Students using Chromebooks at Vernon Johns Middle (Photo courtesy Petersburg City Public Schools)
For the past two years, Petersburg teachers have been asked to reorient their teaching strategies away from SOL fact-memorization and toward getting students to read, explore, engage and question, so they will pass the test as self-motivated, self-directed learners, Blount says.
The school division as a whole continues to work under a state corrective action plan to improve until all the district’s schools receive full accreditation.
The system has implemented other measures as well. One focus area since Superintendent Marcus Newsome assumed his duties in 2016 has been helping elementary school kids to read at grade level through modeling, guidance and independent practice — a balanced literacy approach.

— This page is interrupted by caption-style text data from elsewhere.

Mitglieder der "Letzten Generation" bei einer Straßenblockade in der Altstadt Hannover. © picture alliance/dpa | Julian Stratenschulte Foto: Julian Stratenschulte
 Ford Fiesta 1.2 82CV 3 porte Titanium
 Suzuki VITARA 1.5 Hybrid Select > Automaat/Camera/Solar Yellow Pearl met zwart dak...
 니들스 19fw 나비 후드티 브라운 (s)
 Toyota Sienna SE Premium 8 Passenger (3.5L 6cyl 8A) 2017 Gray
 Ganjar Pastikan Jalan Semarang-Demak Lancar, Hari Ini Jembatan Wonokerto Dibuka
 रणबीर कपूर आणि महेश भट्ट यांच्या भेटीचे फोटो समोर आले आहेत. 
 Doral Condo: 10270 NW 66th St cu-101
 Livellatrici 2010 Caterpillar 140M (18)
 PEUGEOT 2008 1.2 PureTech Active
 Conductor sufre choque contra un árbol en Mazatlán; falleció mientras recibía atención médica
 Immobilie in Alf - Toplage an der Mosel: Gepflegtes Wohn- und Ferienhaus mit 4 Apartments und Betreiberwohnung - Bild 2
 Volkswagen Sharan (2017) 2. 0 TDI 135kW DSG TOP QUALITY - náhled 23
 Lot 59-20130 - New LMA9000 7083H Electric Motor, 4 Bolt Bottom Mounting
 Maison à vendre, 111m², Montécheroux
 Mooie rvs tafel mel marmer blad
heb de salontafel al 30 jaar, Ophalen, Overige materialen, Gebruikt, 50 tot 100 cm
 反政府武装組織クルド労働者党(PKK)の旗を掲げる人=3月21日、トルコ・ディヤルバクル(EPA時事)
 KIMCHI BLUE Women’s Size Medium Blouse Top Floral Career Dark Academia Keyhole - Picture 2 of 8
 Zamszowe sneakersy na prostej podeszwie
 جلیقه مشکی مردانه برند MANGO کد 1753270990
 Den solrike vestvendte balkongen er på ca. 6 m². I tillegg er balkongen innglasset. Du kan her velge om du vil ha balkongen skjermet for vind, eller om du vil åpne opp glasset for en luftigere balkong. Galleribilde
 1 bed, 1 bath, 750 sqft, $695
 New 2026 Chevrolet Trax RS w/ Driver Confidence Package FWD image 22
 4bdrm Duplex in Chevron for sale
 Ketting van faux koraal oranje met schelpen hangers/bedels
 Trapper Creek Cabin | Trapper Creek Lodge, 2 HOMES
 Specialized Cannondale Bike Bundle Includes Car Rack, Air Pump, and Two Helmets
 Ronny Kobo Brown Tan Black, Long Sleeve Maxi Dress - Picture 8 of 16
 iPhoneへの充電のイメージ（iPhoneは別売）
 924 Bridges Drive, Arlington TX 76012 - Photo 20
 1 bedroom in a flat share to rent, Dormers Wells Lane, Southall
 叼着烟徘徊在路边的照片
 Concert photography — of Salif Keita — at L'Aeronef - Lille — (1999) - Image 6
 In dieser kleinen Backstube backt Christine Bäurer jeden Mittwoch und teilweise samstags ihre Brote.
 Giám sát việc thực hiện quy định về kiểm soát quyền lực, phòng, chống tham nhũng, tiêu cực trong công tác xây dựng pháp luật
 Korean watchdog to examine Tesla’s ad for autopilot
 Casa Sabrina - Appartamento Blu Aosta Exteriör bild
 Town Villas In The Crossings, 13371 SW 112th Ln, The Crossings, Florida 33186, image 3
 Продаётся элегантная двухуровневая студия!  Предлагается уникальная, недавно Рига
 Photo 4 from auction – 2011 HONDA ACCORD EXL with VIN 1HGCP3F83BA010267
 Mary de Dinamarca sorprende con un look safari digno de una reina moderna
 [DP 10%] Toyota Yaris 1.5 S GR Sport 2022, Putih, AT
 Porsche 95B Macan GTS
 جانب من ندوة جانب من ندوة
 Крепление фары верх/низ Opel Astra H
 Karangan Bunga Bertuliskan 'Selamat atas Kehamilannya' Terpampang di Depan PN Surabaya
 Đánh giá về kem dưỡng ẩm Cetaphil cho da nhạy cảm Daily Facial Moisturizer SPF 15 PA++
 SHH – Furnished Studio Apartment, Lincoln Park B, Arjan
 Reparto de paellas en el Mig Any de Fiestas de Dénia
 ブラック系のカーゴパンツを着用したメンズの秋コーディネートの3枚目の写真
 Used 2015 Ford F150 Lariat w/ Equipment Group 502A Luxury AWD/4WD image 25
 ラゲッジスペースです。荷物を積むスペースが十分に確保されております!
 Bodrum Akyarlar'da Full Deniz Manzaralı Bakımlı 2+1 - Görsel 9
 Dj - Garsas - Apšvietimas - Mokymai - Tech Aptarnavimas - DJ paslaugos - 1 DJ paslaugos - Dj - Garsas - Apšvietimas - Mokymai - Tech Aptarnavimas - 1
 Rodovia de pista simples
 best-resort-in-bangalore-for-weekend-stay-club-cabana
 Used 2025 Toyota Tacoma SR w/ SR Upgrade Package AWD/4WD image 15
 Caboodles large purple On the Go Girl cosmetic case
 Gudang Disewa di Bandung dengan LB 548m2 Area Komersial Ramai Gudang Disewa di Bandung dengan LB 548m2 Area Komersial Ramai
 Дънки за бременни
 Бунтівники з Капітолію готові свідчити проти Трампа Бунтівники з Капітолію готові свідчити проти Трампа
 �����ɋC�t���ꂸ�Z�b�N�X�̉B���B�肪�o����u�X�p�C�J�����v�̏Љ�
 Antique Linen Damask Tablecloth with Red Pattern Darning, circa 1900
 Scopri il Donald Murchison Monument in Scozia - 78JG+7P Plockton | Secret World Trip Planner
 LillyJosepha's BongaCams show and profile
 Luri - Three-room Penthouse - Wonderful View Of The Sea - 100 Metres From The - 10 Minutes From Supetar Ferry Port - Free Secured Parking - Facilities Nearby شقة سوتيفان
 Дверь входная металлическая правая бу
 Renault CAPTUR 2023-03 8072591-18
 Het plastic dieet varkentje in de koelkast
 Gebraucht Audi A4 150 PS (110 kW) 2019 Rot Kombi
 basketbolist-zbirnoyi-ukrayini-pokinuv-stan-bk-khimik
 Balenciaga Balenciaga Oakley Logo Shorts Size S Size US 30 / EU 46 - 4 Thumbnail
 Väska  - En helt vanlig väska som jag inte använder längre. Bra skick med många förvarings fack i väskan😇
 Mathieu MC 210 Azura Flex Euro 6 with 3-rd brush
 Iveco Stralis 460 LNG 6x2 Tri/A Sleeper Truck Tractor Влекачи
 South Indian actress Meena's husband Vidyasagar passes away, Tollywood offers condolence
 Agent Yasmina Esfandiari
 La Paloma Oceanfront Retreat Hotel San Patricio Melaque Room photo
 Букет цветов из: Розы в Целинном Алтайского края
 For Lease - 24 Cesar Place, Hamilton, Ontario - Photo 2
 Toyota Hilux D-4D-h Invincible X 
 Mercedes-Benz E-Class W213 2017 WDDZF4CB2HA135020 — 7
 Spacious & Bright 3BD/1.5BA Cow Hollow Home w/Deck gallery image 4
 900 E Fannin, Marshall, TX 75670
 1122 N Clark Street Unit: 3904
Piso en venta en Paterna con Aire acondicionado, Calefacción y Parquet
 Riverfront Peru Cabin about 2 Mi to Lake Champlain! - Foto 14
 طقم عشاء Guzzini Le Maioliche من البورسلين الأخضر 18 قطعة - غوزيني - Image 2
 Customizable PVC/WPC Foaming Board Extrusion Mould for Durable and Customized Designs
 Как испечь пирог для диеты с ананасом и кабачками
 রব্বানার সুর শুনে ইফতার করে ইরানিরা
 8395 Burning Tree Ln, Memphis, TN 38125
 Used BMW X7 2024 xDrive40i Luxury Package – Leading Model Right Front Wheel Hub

“One of the things we studied is, ‘What foundational skills are our students missing?’ ” Blount says. “There are basic skills that our students need, the very first of that is you’ve got to be able to read.”
In the first year of the program, 38 percent of elementary students could read on grade level. That number rose to 56 percent last year.
A student uses a Chromebook at Walnut Hill Elementary. (Photo courtesy Petersburg City Public Schools)
Another effort in the works is providing students and teachers with technology that boosts learning. Two years ago, teachers didn’t have laptops. Now the school system has used grant money to provide Chromebooks to teachers and to students from third grade on.
“It's not just giving them the technology,” says Leigh Ann McKelway, the school system’s public information officer. “It's using the technology throughout instruction. ... It's a new way to approach instruction and learning that's much more engaging to these kids who are growing up in the 21st century.”